"You'll have just about as much chance of findin' it," said Shorty dolefully, "among that mob o' famished Suckers as you would o' findin' a straw-stack in the infernal regions. But I'll go 'long with you. We can't lose the regiment in the day time."

"By the way, Shorty," said Si, happening to glance at the sleeves of the overcoats which he had picked up, "we both seem to be Sergeants."

"That's so," assented Shorty. "Both these are Sergeant's overcoats. We'll take our guns along, and play that we are on duty. It may help us out somewhere."

Things looked so quiet in front that the Captain gave them permission, and off they started. It seemed a hopeless quest. Everywhere men were ravenous for food. They found one squad toasting on their rammers the pieces of a luckless rabbit they had cornered in a patch of briars. Another was digging away at a hole that they alleged contained a woodchuck. A third was parching some corn found in a thrown-away feed box, and congratulating themselves upon the lucky find.

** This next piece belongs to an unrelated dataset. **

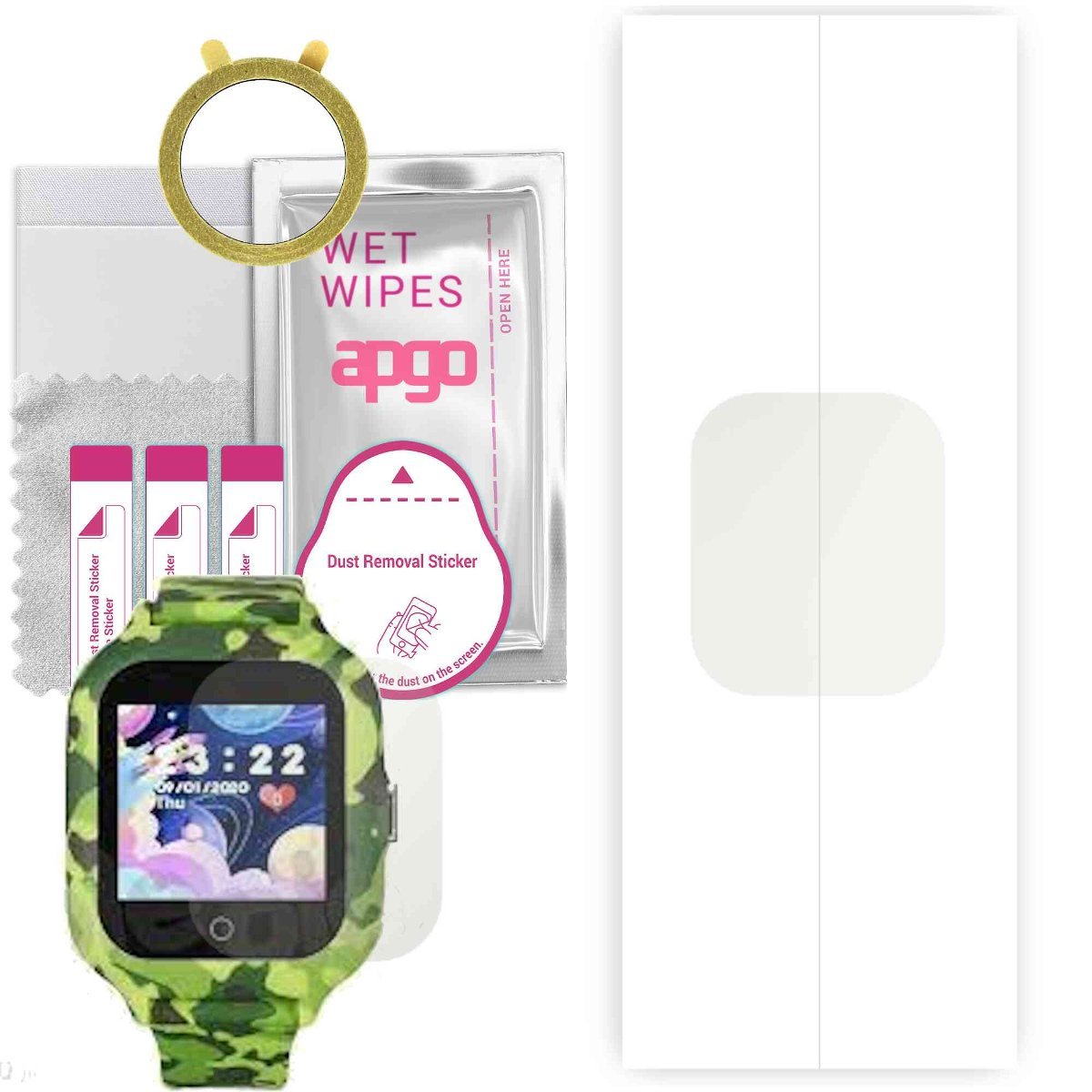 1x Folia hydrożelowa MATOWA do Garett Kids Moro 4G - apgo Smartwatch Hydrogel MATTE Protection Ochrona na ekran smartwatcha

Finally they came out upon the banks of Stone River at the place to which Si had wandered during the night. Si recognized it at once, and also the voices that came from behind a little thicket of paw paws as those of the men with whom he had had the squabble.

Si motioned to Shorty to stop and keep silent, while he stepped up closer, parted the bushes a little, looked through, and listened.

Two men were standing by a fire, which was concealed from the army by the paw-paws. Four others had just come up, carrying rolled in a blanket what seemed to be a dead body. They flung it down by the fire, with exclamations of relief, and unrolled it. It was the carcass of a pig so recently killed that it was still bleeding.

"Hello," exclaimed the others joyfully; "where did you get that?"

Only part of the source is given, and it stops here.